La plupart des seigneuries ont des origines obscures ; on ignore tout à la fois les circonstances de leur création et le nom de leur fondateur. Pour la Roche-Bernard, nous avons des indications qui laissent peu de place au doute. Le nom seul de Bernard accolé à celui de la Roche, son origine germaine nous font penser à un établissement semblable à celui de Rollon en Normandie et contemporain. Alain Barbetorte suivit, en Bretagne, la politique de Charles le Simple à l'égard des Normands ; il leur offrit quelques portions de territoire pour ôter tout prétexte à leurs rapines, et les incorpora, du même coup, dans la vaste fédération qui s'organisait en France. Nous n'avons pas besoin de charte positive ni de traité de paix pour le croire. Il est impossible, en effet, qu'au milieu du Xème siècle, Bernard se soit constitué un fief par la violence, malgré l'assentiment des princes bretons. Ni les comtes de Vannes, ni les comtes de Nantes n'eussent souffert une usurpation.

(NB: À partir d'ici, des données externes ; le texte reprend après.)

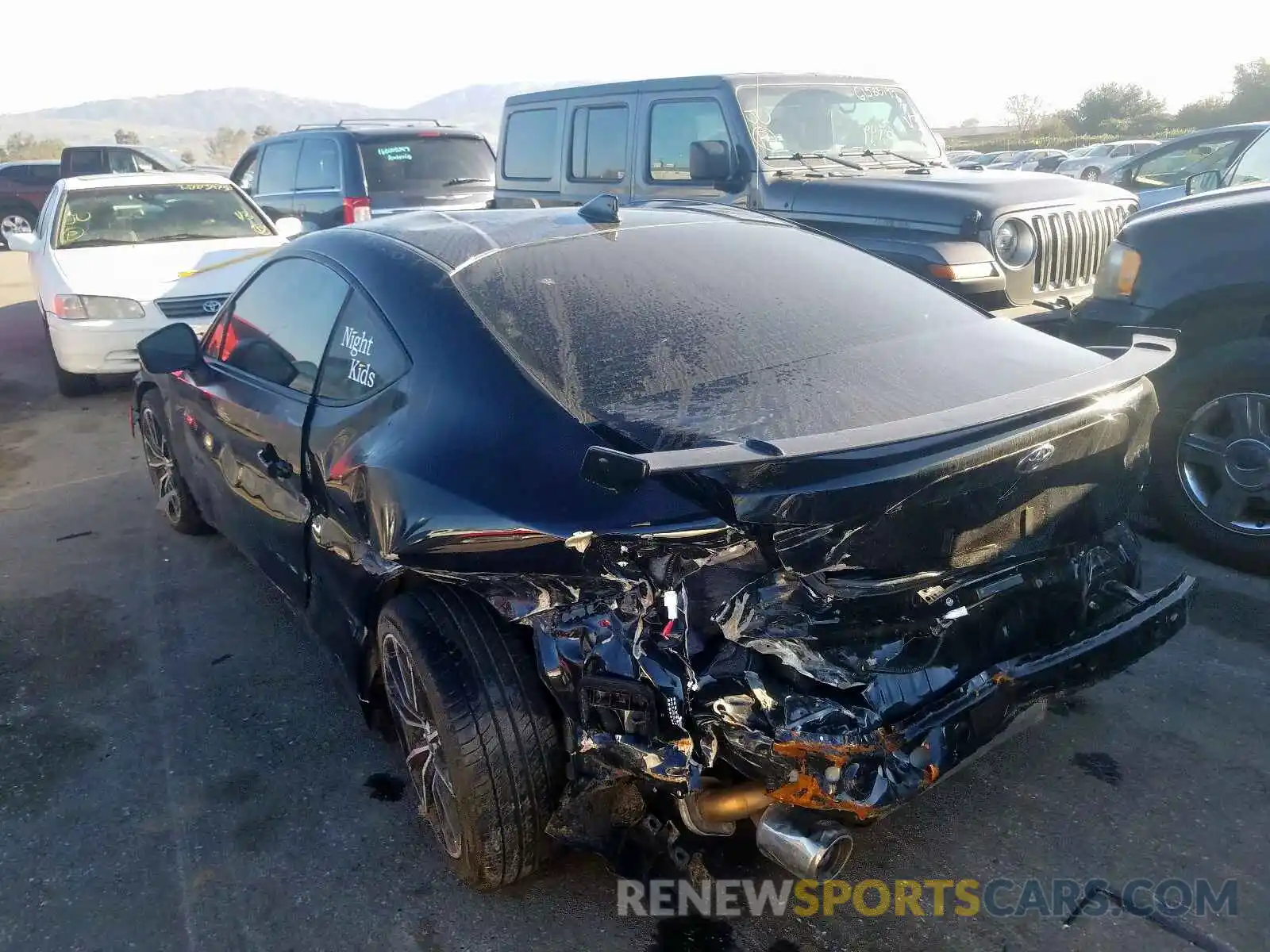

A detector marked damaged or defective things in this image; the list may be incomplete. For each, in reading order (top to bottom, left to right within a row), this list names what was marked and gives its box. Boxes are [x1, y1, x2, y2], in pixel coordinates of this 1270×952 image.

torn bumper [752, 574, 1188, 827]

L'emplacement assigné à Bernard pour y édifier un donjon est facile à défendre ; la roche qui lui servait d'assiette est escarpée, elle domine la rivière, et constitue un poste de premier ordre pour surveiller la navigation ou arrêter les pirates qui voudraient remonter le cours de la Vilaine. Les domaines qui lui furent concédés en vassalité par le suzerain étaient immenses ; ils ne comprenaient pas moins de six paroisses, d'une étendue exceptionnelle, tellement vastes que certaines d'entre elles, comme Missillac et Assérac, ont pu être découpées plus tard en trois circonscriptions. C'est en parcourant le recueil des largesses faites aux religieux de Redon, qu'on se rend bien compte de l'omnipotence qu'exerçaient les fils de Bernard, de l'Océan aux marais de l'Isac ; ils agissent en maîtres dans toute la région et disposent du sol à Camoïl comme à Saint-Gildas, sans invoquer la moindre approbation. Les portions de territoire qui ont échappé à leur autorité au XIIème et au XIIIème siècle, sont des rétrocessions qu'ils ont bien voulu consentir à des voisins. Si nous possédions, pour l'ordre du Temple, un cartulaire aussi complet que celui de Redon, nous aurions sans doute l'explication des autres enclaves créées dans ce vaste ressort, et nous assisterions à certaines inféodations militaires dont le but évident était de répartir également les charges de l'administration.

Ce qui est moins connu, c'est la série des envahissements des officiers royaux de la sénéchaussée de Guérande ; leur mission était de saisir toutes les occasions d'amoindrir les grands fiefs, et on peut être certain qu'ils n'ont pas faibli sur ce point. Ils ont entamé les limites du territoire du côté de Drefféac et de Crossac, mais ils n'ont pu anéantir les vieilles sujétions qui, pour nous, sont les témoins des liens primitifs de vassalité. Ainsi, nous avons la preuve qu'en plein quinzième siècle, la paroisse d'Assérac, avec ses trèves de Penestin et de Camoil, contribuait aux frais de réparation de la Bretesche [Note : Voir, aux preuves publiées à la fin de cette étude, la charte portant permission de réédifier la Bretesche]. N'est-ce pas la reconnaissance la plus palpable de la haute autorité que le seigneur établi à la Roche avait toujours exercée, sur les bords de la Vilaine, dès le jour de son investiture ?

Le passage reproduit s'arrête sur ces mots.